Privatizing Family Law in the Name of Religion

Article excerpt

In pockets across the world, a movement has quietly taken hold to allow fundamentalist1 religious norms, rather than state law, to govern family matters like divorce and inheritance. Many of these religious norms depart significantly from the state's background rules protecting individuals. Nonetheless, fundamentalist religious understandings are given the force of law, either by treating them as binding judgments arrived at through arbitration or by delegating jurisdiction to religious groups to decide family disputes, with nominal state oversight.
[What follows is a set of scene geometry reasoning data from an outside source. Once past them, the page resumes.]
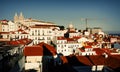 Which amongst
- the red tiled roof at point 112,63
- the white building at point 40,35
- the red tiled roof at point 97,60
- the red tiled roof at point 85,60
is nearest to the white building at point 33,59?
the red tiled roof at point 85,60

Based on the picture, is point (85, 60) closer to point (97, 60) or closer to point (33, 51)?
point (97, 60)

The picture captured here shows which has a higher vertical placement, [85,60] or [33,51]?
[33,51]

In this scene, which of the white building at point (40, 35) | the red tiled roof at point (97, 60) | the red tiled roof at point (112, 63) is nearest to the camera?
the red tiled roof at point (112, 63)

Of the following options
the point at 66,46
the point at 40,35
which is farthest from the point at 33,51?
the point at 40,35

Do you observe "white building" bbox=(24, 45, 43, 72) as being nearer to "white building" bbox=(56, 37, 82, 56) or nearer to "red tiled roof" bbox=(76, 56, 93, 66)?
"red tiled roof" bbox=(76, 56, 93, 66)

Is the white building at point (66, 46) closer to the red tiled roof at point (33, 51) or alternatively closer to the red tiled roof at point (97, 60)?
the red tiled roof at point (33, 51)

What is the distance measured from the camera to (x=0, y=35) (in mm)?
65875

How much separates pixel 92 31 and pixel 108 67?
99026 millimetres

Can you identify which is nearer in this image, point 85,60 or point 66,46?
point 85,60

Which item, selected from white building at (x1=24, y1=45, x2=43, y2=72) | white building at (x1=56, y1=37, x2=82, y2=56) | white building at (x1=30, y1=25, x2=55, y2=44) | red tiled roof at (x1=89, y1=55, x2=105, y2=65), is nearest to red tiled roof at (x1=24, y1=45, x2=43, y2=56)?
white building at (x1=24, y1=45, x2=43, y2=72)

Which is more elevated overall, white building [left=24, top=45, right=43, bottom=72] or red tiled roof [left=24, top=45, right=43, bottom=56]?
red tiled roof [left=24, top=45, right=43, bottom=56]

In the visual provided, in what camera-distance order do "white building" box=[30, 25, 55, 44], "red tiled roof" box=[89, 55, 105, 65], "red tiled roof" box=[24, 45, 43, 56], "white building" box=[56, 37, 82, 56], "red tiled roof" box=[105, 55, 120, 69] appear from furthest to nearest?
1. "white building" box=[30, 25, 55, 44]
2. "white building" box=[56, 37, 82, 56]
3. "red tiled roof" box=[24, 45, 43, 56]
4. "red tiled roof" box=[89, 55, 105, 65]
5. "red tiled roof" box=[105, 55, 120, 69]

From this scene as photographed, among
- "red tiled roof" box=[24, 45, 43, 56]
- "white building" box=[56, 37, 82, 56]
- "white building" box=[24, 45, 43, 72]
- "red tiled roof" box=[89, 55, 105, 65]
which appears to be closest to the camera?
"red tiled roof" box=[89, 55, 105, 65]

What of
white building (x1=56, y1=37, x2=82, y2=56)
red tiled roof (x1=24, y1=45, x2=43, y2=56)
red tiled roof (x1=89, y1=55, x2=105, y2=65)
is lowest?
white building (x1=56, y1=37, x2=82, y2=56) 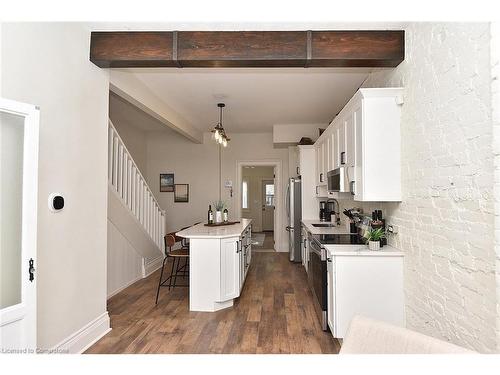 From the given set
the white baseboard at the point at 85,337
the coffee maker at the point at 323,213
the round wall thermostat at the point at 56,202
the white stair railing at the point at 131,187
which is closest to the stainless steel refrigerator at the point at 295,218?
the coffee maker at the point at 323,213

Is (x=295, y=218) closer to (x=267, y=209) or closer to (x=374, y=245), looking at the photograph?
(x=374, y=245)

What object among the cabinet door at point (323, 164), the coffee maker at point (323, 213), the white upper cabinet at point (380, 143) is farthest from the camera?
the coffee maker at point (323, 213)

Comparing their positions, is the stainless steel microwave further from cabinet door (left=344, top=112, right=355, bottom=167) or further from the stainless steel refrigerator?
the stainless steel refrigerator

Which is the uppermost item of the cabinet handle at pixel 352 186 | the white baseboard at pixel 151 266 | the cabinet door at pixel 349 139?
the cabinet door at pixel 349 139

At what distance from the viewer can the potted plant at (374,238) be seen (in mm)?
2682

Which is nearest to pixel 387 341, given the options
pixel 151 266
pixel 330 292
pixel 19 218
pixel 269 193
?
pixel 330 292

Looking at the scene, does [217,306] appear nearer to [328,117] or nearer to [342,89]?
[342,89]

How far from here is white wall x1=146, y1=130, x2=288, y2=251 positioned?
710 cm

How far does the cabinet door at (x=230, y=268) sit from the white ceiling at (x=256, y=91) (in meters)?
2.07

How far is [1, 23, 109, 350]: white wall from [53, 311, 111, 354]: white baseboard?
0.04 metres

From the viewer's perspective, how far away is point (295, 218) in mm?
6012

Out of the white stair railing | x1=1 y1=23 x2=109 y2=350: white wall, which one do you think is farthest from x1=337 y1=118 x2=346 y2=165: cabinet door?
the white stair railing

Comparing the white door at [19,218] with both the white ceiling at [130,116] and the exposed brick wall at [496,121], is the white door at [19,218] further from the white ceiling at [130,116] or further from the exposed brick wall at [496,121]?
the white ceiling at [130,116] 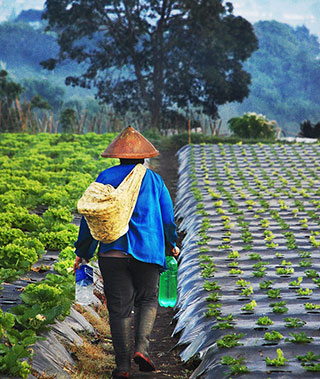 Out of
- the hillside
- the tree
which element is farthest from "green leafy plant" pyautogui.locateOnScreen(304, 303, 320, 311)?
the hillside

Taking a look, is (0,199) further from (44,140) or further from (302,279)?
(44,140)

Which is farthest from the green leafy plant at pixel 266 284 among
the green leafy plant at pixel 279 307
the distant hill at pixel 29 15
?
the distant hill at pixel 29 15

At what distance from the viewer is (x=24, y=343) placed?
3695 millimetres

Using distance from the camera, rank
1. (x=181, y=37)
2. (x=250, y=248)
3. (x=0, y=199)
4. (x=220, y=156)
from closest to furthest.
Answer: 1. (x=250, y=248)
2. (x=0, y=199)
3. (x=220, y=156)
4. (x=181, y=37)

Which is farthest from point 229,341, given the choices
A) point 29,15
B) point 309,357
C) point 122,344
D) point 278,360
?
point 29,15

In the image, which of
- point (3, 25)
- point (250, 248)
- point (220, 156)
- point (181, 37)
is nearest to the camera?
point (250, 248)

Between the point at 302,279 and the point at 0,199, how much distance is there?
4.17m

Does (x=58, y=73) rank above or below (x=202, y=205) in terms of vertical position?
above

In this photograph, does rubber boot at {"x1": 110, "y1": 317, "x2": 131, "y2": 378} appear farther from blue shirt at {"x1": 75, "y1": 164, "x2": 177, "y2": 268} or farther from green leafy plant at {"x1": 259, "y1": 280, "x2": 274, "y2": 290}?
green leafy plant at {"x1": 259, "y1": 280, "x2": 274, "y2": 290}

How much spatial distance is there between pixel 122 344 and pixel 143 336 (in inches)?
6.0

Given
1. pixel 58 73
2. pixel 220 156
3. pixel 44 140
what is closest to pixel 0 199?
pixel 220 156

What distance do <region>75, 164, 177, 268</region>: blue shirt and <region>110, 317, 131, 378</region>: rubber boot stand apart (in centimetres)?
46

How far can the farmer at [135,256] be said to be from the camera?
4289 mm

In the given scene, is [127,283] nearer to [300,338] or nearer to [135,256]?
[135,256] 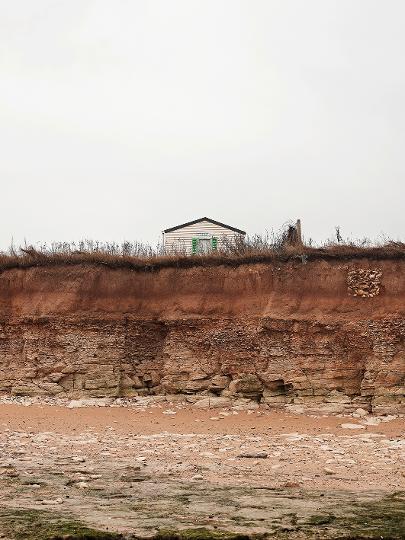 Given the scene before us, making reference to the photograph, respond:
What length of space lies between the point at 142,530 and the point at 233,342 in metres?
14.9

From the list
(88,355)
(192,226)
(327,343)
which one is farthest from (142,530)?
(192,226)

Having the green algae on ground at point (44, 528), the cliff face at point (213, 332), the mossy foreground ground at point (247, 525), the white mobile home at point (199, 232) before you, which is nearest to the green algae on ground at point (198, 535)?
the mossy foreground ground at point (247, 525)

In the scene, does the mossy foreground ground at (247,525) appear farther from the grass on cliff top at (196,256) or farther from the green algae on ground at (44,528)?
the grass on cliff top at (196,256)

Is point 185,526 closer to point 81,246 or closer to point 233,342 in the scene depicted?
Answer: point 233,342

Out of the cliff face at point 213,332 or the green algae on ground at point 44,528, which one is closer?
the green algae on ground at point 44,528

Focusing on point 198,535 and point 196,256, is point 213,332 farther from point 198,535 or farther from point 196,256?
point 198,535

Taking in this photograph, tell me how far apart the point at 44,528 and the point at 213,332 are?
1521 centimetres

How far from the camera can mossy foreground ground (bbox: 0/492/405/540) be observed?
4910mm

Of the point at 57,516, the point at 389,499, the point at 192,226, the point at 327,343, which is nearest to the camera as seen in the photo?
the point at 57,516

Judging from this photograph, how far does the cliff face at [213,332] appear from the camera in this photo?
61.6 feet

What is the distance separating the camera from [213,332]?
20.3 metres

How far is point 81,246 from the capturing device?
75.6ft

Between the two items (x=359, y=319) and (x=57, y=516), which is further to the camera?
(x=359, y=319)

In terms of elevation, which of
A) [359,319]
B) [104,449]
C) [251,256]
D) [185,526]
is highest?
[251,256] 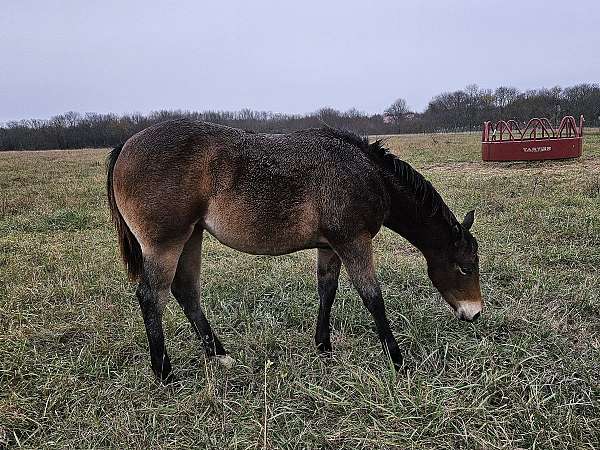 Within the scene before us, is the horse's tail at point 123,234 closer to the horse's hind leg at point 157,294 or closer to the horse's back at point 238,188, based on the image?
the horse's back at point 238,188

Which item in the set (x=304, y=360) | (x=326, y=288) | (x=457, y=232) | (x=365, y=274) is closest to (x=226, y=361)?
(x=304, y=360)

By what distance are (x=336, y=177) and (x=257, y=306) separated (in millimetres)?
2076

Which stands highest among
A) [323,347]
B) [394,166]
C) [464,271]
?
[394,166]

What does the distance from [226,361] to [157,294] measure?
2.70 ft

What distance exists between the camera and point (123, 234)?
380 centimetres

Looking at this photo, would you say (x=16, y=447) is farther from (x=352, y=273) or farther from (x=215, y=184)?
(x=352, y=273)

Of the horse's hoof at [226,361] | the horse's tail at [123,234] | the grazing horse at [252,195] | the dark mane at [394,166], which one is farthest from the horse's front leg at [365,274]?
the horse's tail at [123,234]

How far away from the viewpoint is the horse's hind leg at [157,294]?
11.3 feet

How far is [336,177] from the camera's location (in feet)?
11.2

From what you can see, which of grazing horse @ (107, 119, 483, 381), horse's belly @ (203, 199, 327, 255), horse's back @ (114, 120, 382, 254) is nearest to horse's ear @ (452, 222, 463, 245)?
grazing horse @ (107, 119, 483, 381)

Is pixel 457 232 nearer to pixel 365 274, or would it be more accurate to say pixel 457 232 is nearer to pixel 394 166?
pixel 394 166

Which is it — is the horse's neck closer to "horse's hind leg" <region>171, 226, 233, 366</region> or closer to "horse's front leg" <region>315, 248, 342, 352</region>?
"horse's front leg" <region>315, 248, 342, 352</region>

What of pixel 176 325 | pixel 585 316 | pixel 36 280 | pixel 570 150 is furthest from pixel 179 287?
pixel 570 150

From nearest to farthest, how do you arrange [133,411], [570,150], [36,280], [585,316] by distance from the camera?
[133,411] < [585,316] < [36,280] < [570,150] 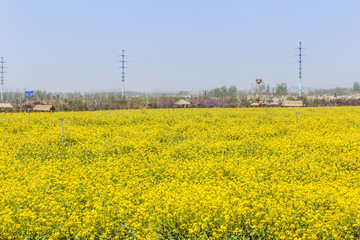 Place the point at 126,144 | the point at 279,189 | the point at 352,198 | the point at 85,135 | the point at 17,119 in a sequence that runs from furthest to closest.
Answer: the point at 17,119 → the point at 85,135 → the point at 126,144 → the point at 279,189 → the point at 352,198

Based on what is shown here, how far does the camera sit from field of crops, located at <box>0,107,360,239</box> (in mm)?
6773

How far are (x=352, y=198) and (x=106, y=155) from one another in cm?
1039

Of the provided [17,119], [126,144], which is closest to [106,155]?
[126,144]

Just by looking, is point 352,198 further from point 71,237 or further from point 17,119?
point 17,119

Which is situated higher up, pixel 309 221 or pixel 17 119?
pixel 17 119

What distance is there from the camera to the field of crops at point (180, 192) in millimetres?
6773

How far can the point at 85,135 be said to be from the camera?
65.9ft

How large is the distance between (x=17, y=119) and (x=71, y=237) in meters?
22.3

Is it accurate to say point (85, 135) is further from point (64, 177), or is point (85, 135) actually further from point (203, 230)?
point (203, 230)

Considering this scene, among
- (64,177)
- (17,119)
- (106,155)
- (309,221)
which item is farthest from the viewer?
(17,119)

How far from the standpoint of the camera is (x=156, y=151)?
1553cm

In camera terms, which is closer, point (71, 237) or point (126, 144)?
point (71, 237)

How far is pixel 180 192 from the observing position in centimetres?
859

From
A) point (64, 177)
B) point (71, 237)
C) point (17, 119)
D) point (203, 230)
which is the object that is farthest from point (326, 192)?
point (17, 119) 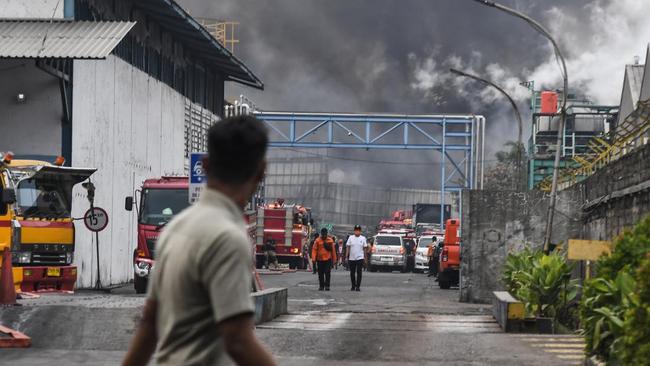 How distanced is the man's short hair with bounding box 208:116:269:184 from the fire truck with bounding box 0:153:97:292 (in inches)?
681

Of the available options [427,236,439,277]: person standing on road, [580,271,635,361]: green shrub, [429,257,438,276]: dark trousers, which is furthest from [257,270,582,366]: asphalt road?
[429,257,438,276]: dark trousers

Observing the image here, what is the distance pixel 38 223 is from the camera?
22438mm

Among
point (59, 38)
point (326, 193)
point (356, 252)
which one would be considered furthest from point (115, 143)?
point (326, 193)

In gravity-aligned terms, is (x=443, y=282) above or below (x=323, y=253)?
below

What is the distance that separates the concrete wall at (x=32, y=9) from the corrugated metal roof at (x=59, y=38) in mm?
782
This Essay explores the risks to two traditionally vulnerable groups, women and children, when the state delegates its traditional oversight of the family to religious authorities.2 To surface these risks, this Essay draws on two lived experiences of religious deference around the world. Specifically, this Essay examines the eighty-five Sharia courts operating in Great Britain today, which apply Islamic, not British, law to divorce and inheritance.3 It also examines the system of shared jurisdiction in Western Thrace, a section of Greece where three Mufti decide family disputes for a Muslim minority of 1 10,000 people.4 While this Essay spotlights experiments to enforce Islamic rather than civil understandings of family matters, numerous scholars have advocated for deference to the religious understandings of Christian, Jewish, and other faith groups as well.5

In both places, the civil law supplanted by fundamentalist religious norms would provide considerably more protection to individuals in two periods of great need, upon divorce and the death of a spouse. As this Essay documents, these protections for the vulnerable are hollowed out when harsh religious understandings displace the state's more protective rules, whether in fundamentalist Islamic families or fundamentalist families of other faiths. Drawing on systems of deference operating today, Part I shows how women at divorce stand to lose custody of adolescent children and face near certain poverty if certain schools of Islamic law govern the proceeding. Part II assesses how a woman's ability to exit a marital relationship, especially a violent one, may be affected by religious deference. This Part argues that religious deference undercuts the state's ability to police family violence. Part ?? then shows that upon a spouse's death, women face equally grave and devastating results under Islamic law. The wealth a woman would otherwise receive upon her husband's death under civil law shrivels under Islamic law to a mere fraction of the decedent's estate, leaving many women financially at risk. Part IV rejects two articulated justifications for schemes of religious deference despite the inequitable treatment of women - namely, that a woman's natal family will support her financially when the husband does not and that women have voluntarily accepted these outcomes. Policymakers considering schemes of deference in their own countries should consider these inequities before giving effect to extreme religious views that will trap some women in poverty or abusive relationships.6

I. LIVED EXPERIENCES OF RELIGIOUS DEFERENCE

Two systems of religious deference operating today provide a snapshot of the risks to women and children in such systems. These lived experiences in Great Britain and Western Thrace demonstrate poignantly that removing state protections from the family is fraught with peril.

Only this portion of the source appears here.